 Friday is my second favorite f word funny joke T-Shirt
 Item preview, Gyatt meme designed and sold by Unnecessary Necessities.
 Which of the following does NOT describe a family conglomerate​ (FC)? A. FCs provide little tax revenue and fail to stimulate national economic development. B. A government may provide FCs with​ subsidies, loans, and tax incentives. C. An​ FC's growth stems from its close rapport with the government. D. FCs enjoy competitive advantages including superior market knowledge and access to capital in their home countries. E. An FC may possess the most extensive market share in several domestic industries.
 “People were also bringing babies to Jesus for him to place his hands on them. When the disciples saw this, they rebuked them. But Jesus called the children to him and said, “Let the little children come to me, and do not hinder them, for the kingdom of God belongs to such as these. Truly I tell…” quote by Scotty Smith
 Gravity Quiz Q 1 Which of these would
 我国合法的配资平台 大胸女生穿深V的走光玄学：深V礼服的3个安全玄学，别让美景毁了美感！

....

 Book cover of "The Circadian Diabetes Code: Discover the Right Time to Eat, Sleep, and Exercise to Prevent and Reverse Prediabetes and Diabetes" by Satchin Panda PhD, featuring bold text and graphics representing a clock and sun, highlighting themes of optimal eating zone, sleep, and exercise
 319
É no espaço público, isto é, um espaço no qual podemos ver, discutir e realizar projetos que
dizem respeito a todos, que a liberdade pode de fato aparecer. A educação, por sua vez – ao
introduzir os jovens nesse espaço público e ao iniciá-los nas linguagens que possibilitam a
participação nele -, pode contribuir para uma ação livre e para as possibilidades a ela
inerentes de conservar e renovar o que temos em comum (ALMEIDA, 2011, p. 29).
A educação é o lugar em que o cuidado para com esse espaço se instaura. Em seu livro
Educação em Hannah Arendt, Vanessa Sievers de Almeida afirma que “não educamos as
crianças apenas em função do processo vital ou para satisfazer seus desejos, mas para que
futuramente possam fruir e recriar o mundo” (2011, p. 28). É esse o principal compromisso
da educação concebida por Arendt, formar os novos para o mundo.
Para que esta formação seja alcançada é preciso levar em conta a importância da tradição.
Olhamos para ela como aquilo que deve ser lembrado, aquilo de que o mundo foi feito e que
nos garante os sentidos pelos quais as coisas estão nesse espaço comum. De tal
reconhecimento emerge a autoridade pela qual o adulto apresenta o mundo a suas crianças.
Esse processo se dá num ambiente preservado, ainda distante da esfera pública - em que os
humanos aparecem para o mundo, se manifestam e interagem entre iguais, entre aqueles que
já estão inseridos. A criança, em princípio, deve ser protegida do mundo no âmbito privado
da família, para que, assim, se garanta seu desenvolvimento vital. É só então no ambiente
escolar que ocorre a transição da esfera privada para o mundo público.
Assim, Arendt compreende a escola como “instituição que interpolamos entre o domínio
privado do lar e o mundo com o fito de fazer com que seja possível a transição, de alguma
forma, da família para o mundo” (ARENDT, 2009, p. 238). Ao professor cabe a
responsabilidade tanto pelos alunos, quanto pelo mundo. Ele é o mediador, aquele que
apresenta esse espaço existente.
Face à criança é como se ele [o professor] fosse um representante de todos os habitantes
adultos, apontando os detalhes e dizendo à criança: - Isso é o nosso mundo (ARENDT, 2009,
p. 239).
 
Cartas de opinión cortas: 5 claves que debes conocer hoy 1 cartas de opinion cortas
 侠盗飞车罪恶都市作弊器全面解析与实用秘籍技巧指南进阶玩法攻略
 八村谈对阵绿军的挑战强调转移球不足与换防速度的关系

....

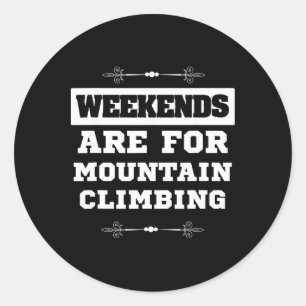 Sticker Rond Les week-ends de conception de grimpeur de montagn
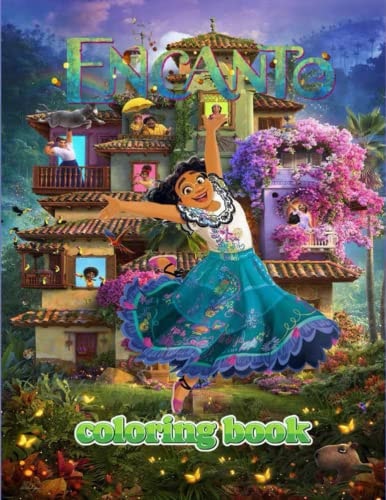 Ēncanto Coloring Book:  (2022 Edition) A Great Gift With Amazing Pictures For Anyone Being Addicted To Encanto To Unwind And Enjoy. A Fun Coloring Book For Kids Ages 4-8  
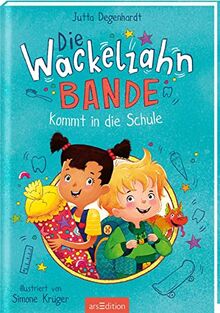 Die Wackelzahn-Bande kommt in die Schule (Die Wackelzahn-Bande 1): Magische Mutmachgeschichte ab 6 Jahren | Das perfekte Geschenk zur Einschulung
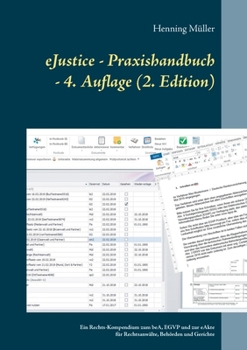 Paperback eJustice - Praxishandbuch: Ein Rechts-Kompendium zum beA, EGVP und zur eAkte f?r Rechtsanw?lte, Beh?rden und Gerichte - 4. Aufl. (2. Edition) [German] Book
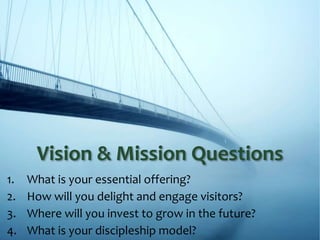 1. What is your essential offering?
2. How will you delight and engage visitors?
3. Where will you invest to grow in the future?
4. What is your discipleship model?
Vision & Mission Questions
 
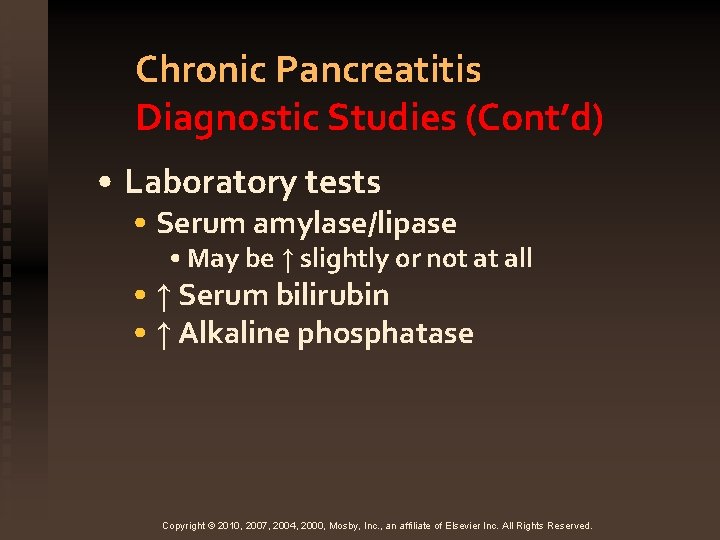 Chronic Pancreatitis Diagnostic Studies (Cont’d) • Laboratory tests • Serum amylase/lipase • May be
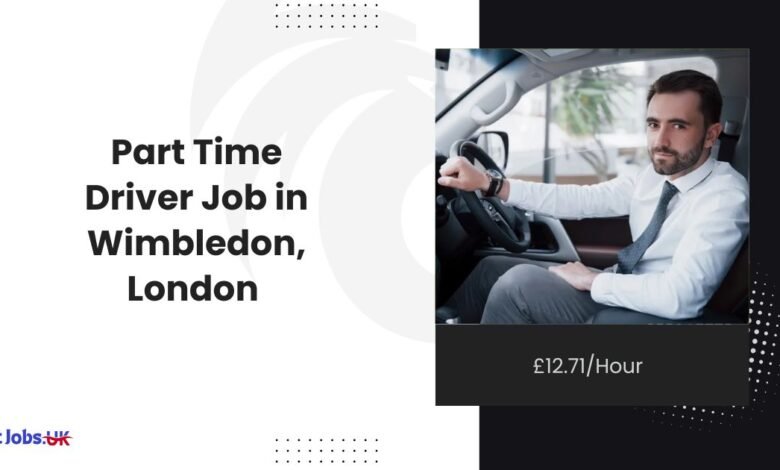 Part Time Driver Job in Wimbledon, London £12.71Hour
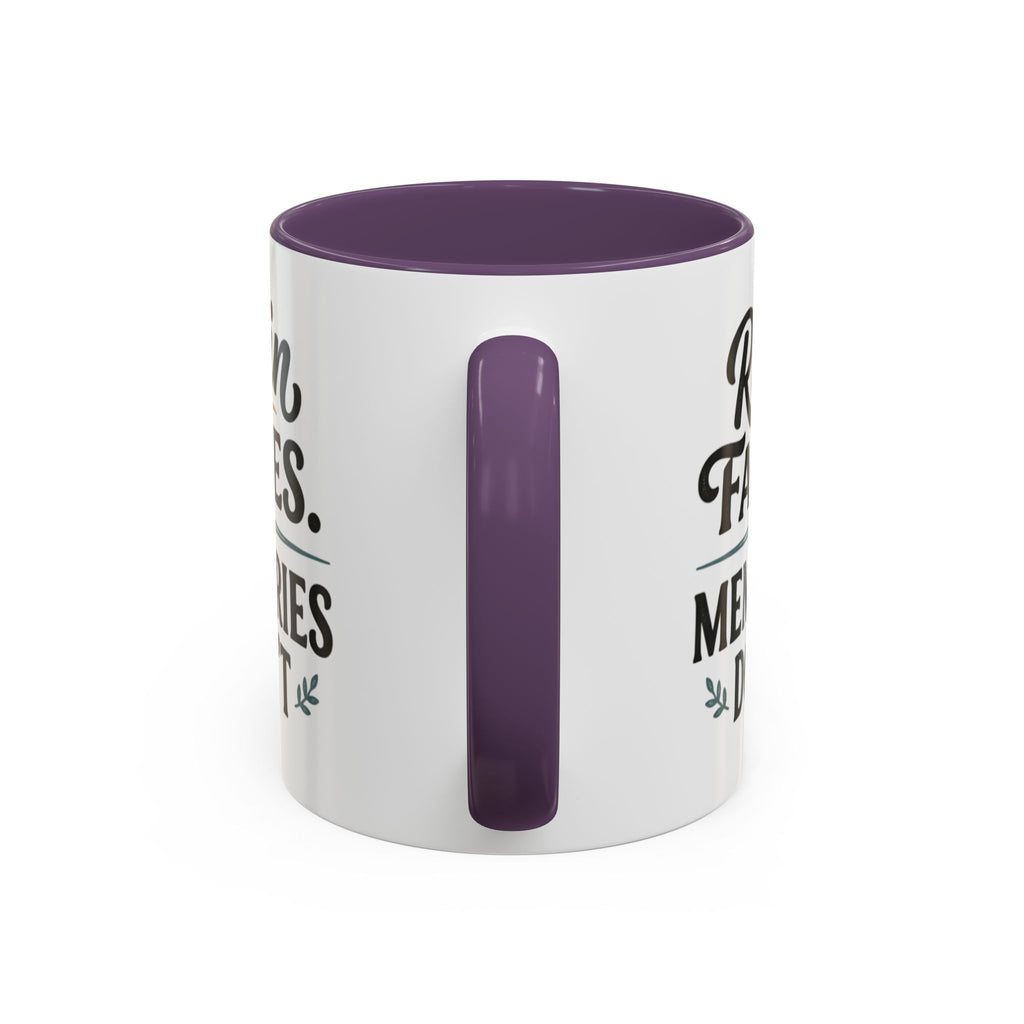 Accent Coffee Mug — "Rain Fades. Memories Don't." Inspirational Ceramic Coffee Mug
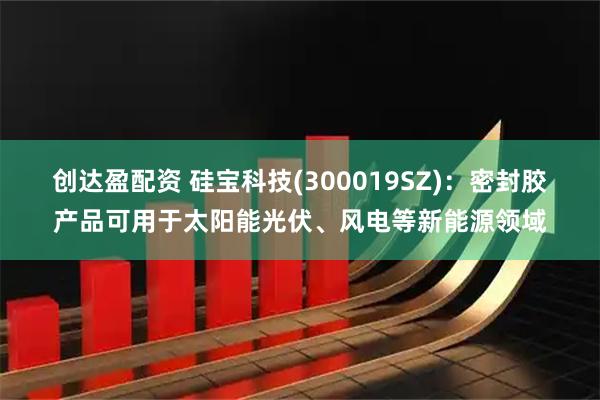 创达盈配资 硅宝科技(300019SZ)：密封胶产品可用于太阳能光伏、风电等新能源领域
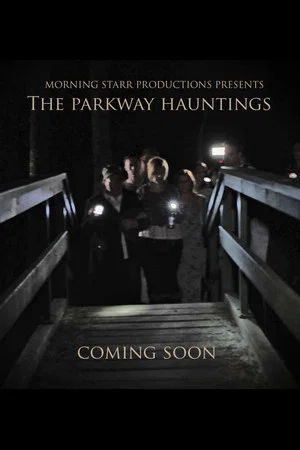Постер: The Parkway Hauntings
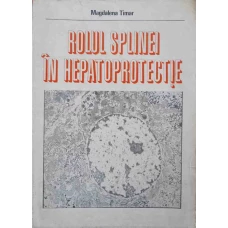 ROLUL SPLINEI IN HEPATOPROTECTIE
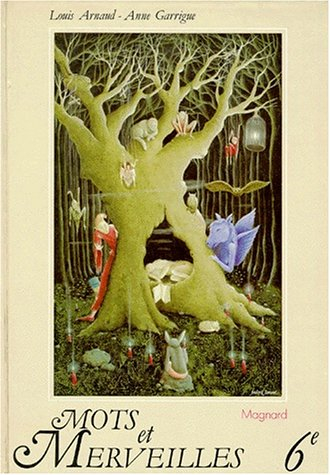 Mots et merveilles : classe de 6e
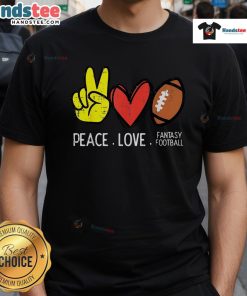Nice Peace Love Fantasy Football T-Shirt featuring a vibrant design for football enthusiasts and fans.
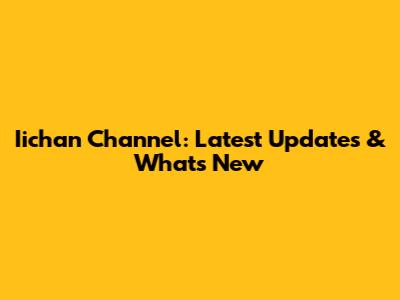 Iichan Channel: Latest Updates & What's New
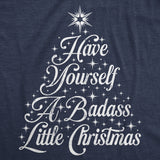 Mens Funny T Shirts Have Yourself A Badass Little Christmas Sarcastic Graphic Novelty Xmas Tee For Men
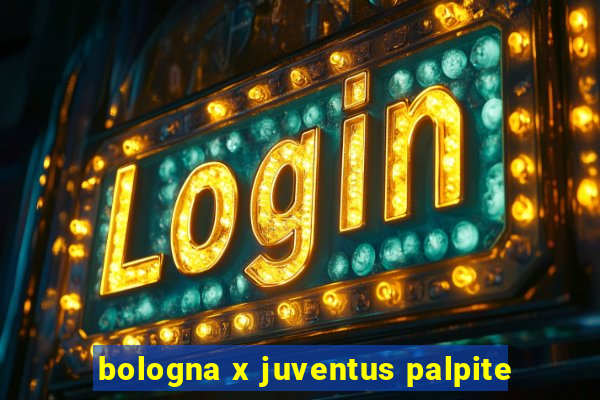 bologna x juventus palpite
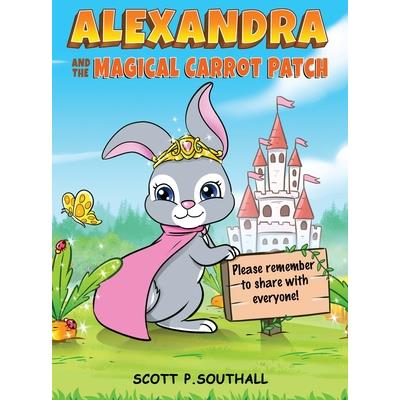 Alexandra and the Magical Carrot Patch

....

**What this task involves:**
Beginning with the line containing "reconhecimento emerge a" and ending with the line containing "privado do lar", extract those lines exactly from the listing above, and only those.

**Your solution:**
reconhecimento emerge a autoridade pela qual o adulto apresenta o mundo a suas crianças.
Esse processo se dá num ambiente preservado, ainda distante da esfera pública - em que os
humanos aparecem para o mundo, se manifestam e interagem entre iguais, entre aqueles que
já estão inseridos. A criança, em princípio, deve ser protegida do mundo no âmbito privado
da família, para que, assim, se garanta seu desenvolvimento vital. É só então no ambiente
escolar que ocorre a transição da esfera privada para o mundo público.
Assim, Arendt compreende a escola como “instituição que interpolamos entre o domínio
privado do lar e o mundo com o fito de fazer com que seja possível a transição, de alguma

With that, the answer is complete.